╔══

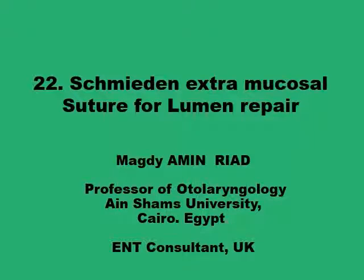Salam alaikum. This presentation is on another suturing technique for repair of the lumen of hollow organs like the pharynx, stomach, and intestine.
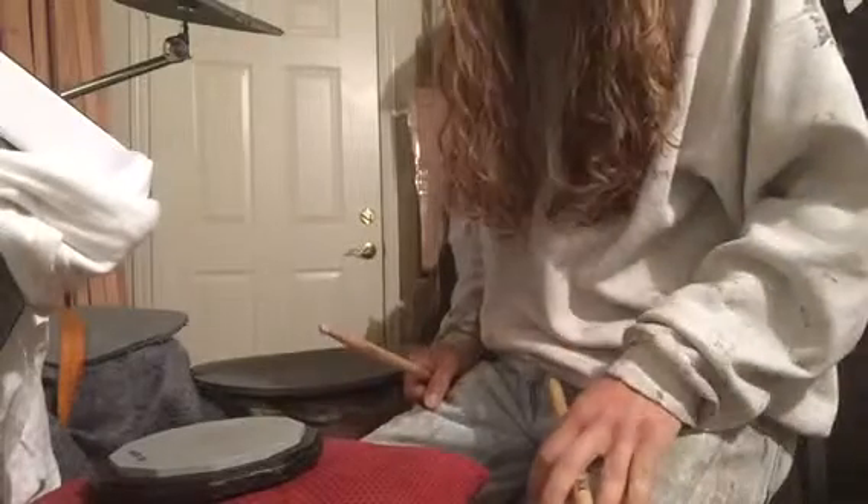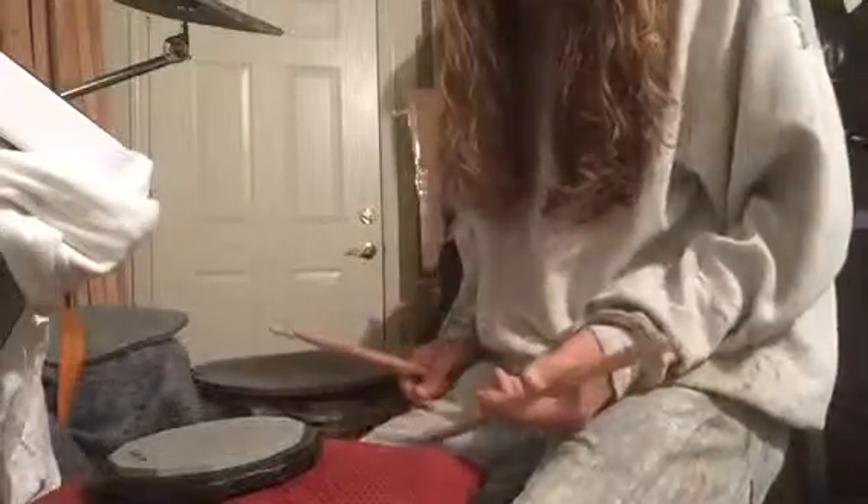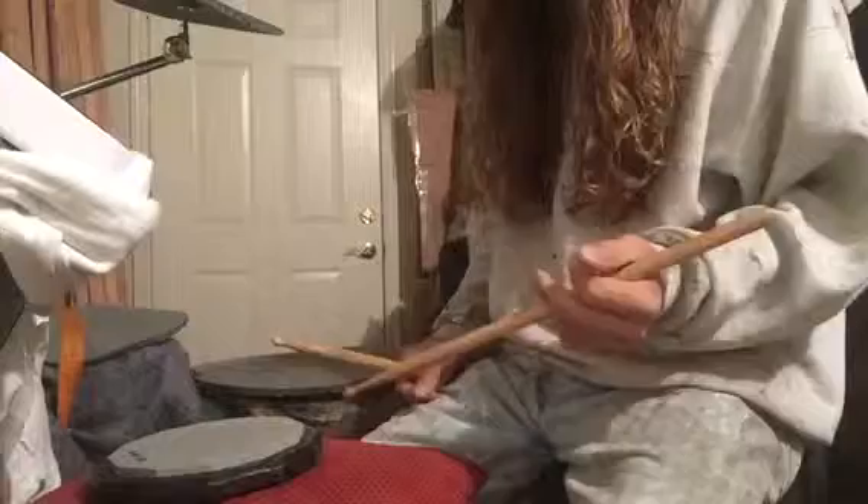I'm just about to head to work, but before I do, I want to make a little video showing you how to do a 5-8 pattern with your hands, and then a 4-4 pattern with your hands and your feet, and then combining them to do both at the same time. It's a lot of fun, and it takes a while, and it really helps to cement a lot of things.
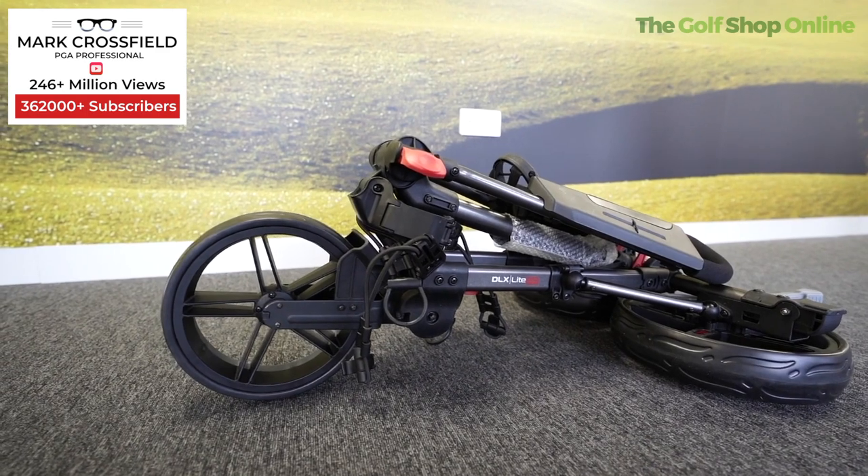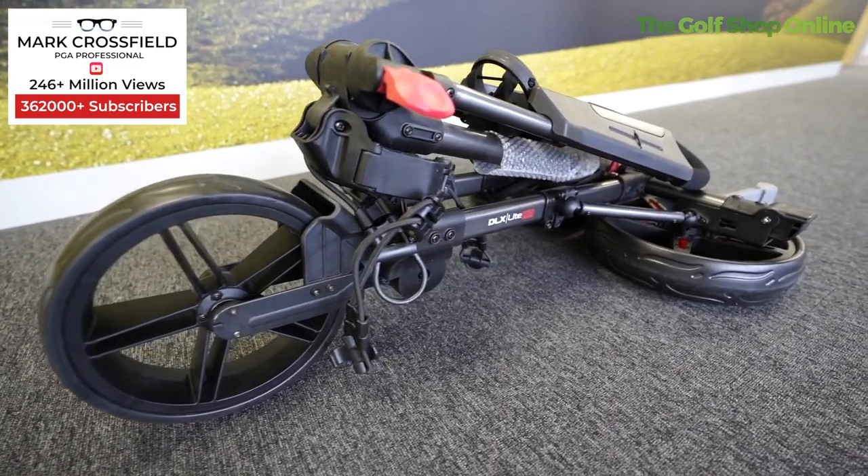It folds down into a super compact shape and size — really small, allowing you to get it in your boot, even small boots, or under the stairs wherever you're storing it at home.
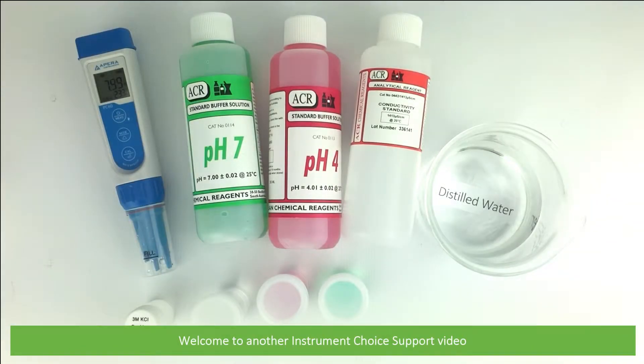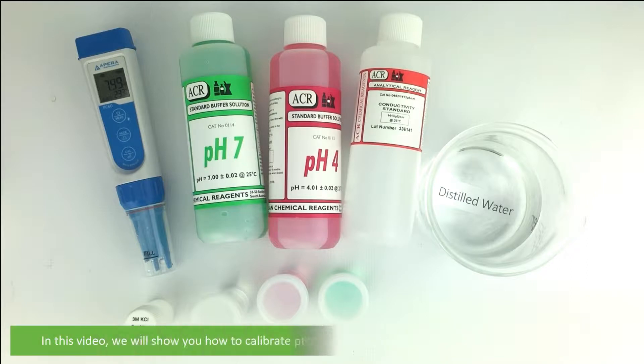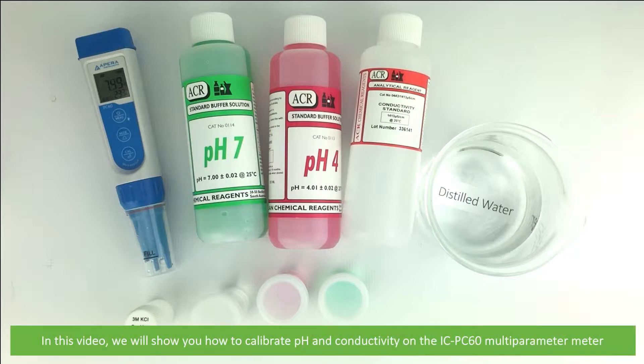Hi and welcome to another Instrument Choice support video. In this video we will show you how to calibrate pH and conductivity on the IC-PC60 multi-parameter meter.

╚══

* [WORK REQUIRED]:
The answer is the full listing above, repeated exactly, with its pictures removed.

* [WRITTEN RESPONSE]:
Salam alaikum. This presentation is on another suturing technique for repair of the lumen of hollow organs like the pharynx, stomach, and intestine.
I'm just about to head to work, but before I do, I want to make a little video showing you how to do a 5-8 pattern with your hands, and then a 4-4 pattern with your hands and your feet, and then combining them to do both at the same time. It's a lot of fun, and it takes a while, and it really helps to cement a lot of things.
It folds down into a super compact shape and size — really small, allowing you to get it in your boot, even small boots, or under the stairs wherever you're storing it at home.
Hi and welcome to another Instrument Choice support video. In this video we will show you how to calibrate pH and conductivity on the IC-PC60 multi-parameter meter.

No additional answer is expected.